Material for this task:
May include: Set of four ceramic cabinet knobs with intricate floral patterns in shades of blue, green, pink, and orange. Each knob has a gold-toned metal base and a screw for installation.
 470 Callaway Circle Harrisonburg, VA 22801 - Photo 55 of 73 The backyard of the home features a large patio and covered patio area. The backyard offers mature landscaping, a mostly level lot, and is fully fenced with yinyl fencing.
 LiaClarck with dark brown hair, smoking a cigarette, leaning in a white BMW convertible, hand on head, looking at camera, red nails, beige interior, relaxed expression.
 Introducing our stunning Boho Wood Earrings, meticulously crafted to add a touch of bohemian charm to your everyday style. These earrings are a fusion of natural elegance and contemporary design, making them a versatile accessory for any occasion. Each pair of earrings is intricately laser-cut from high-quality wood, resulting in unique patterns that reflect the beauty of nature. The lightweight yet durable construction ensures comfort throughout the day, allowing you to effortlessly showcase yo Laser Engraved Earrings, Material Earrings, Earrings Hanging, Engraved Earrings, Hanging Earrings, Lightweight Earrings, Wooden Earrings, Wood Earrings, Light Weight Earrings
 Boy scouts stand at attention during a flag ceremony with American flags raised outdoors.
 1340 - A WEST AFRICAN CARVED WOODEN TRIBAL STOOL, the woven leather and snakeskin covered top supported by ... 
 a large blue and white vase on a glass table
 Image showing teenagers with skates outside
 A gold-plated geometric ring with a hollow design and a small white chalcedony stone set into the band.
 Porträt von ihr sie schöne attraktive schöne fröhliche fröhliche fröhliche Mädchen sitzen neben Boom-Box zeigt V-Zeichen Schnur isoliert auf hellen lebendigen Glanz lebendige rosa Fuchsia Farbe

What you need to do: Begin with the line that contains "Image showing teenagers with skates outside" and end with the last line of the data. Repeat those two lines and all between them exactly.

Solved problem:
 Image showing teenagers with skates outside
 A gold-plated geometric ring with a hollow design and a small white chalcedony stone set into the band.
 Porträt von ihr sie schöne attraktive schöne fröhliche fröhliche fröhliche Mädchen sitzen neben Boom-Box zeigt V-Zeichen Schnur isoliert auf hellen lebendigen Glanz lebendige rosa Fuchsia Farbe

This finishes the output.